Year-End Self Inventory

Human nature seems to insist we annually take stock of our progress. I'm a classic under-finisher. Let me explain: for me the creative process of becoming or making far outweighs the finished product. Meaning there are many in-process ideas, projects and goals hanging around the corners of my house. Once something is complete, the 'art' of it is done for me.

This makes me concerned emotionally that I seldom complete anything of value. Sometimes I surprise myself when I look back over a year, though. I see that, in spite of the remaining incomplete things, I manage to get a whale of a lotta stuff done.

Sewing


I hound bookstores, trolling over the craft sections for new sewing books. I know that, technically, I must be hitting my stride because suddenly all those how-to books look the same.
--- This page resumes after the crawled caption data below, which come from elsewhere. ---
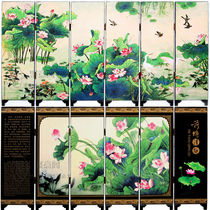  Antique lacquerware Antique small screen decoration ornaments Chinese characteristics gifts for foreigners gifts Lotus pond Qingqu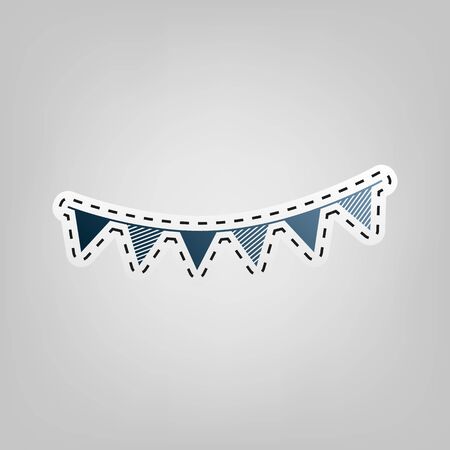 Holiday flags garlands sign. Vector. Blue icon with outline for cutting out at gray background.のイラスト素材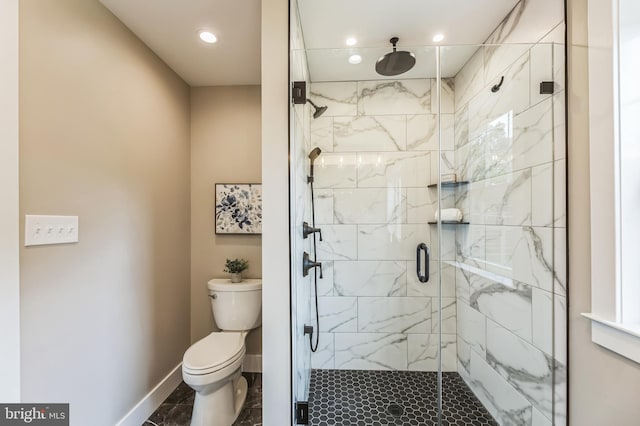45 Orchard Ln, Berwyn, PA 19312 - bathroom featuring marble look tiles, a stall shower, and recessed lighting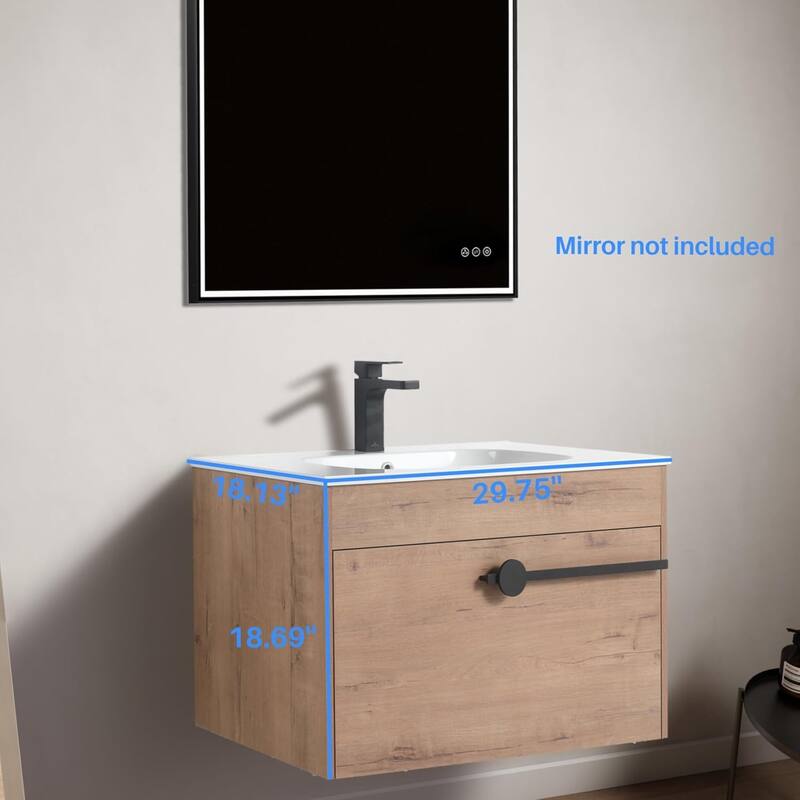 Blossom All-Wood Floating Bathroom Vanity with SMC Sink, Wall Mounted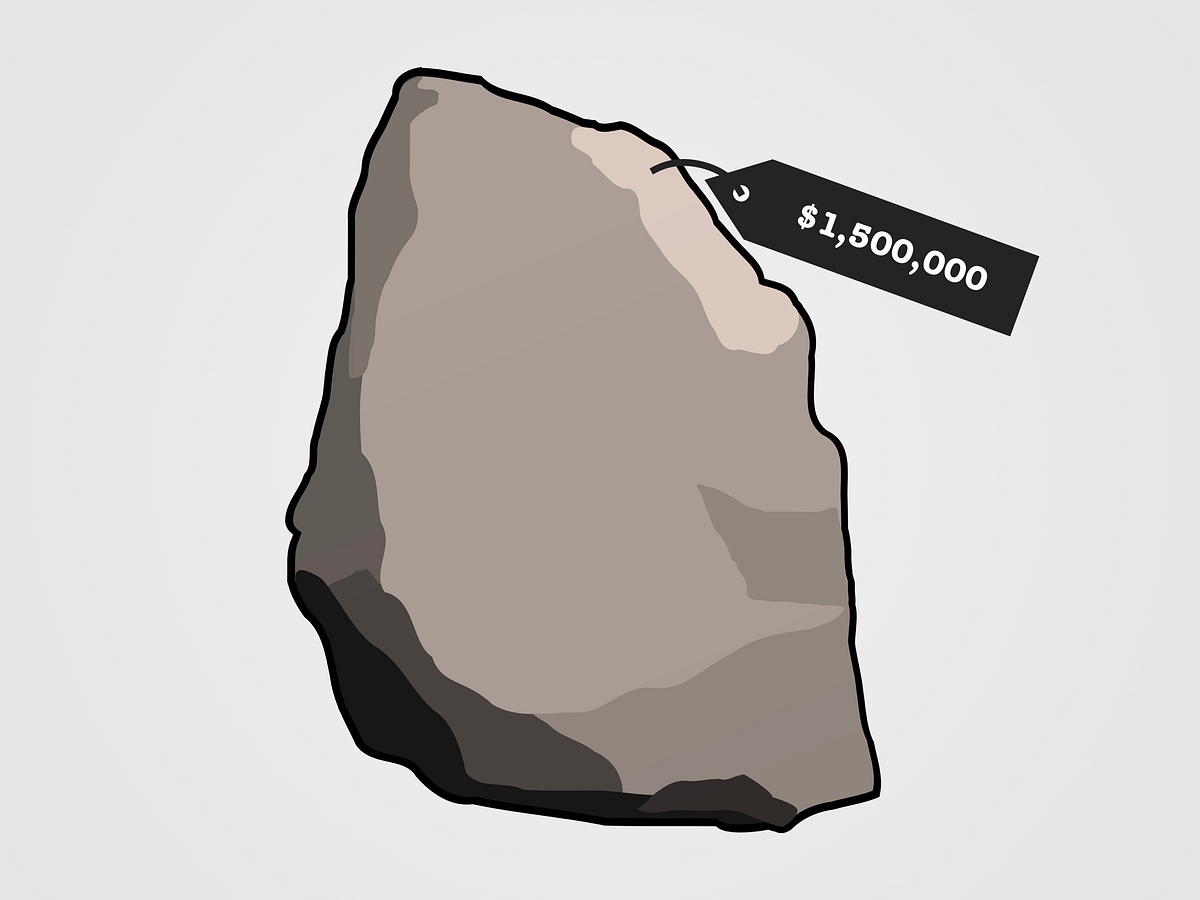 A digital rock known as an EtherRock, available for purchase and trading as an NFT.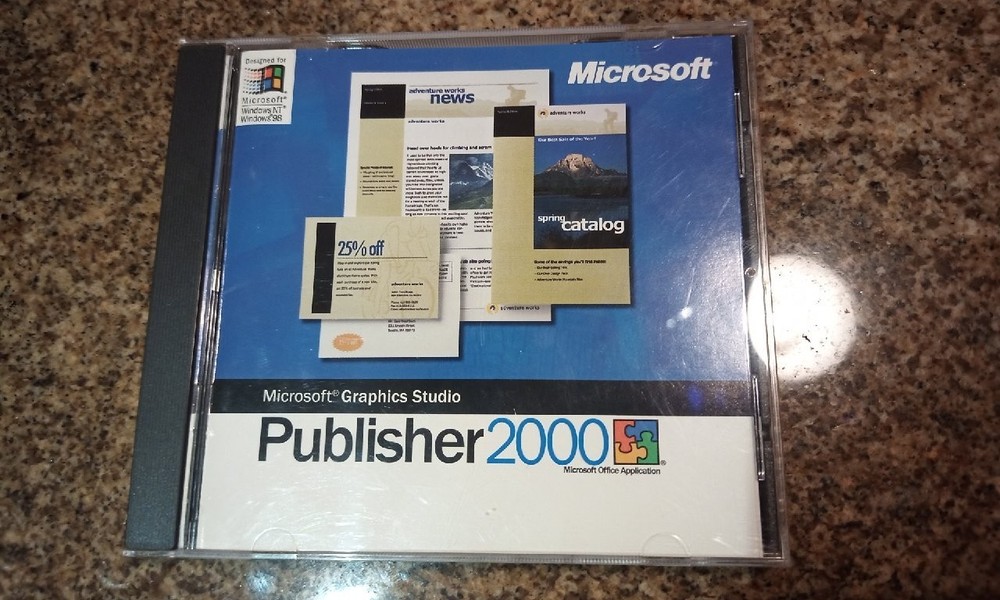 Microsoft Publisher 2000 Graphics Studio W/Key in original case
How many aprons, draw-string bags or stadium blankets does any given person really have rise to make in a single lifetime?

Into next year, I want to continue learning more couture sewing techniques and terms.

Organizationally, I joined patternreview.com and stored all of my patterns by category. No more digging through boxes to see what patterns I own, or realizing I now own 2 copies of a favorite pattern.

The hubs gifted me with a dress form for my birthday, so really I think I'm all set with tools and bells & whistles.

Production-wise, I completed fewer garments this year than in any of the last six. But they are projects I took my time with and worked hard to complete well. It feels better to finish well than to work at a mad dash, doesn't it?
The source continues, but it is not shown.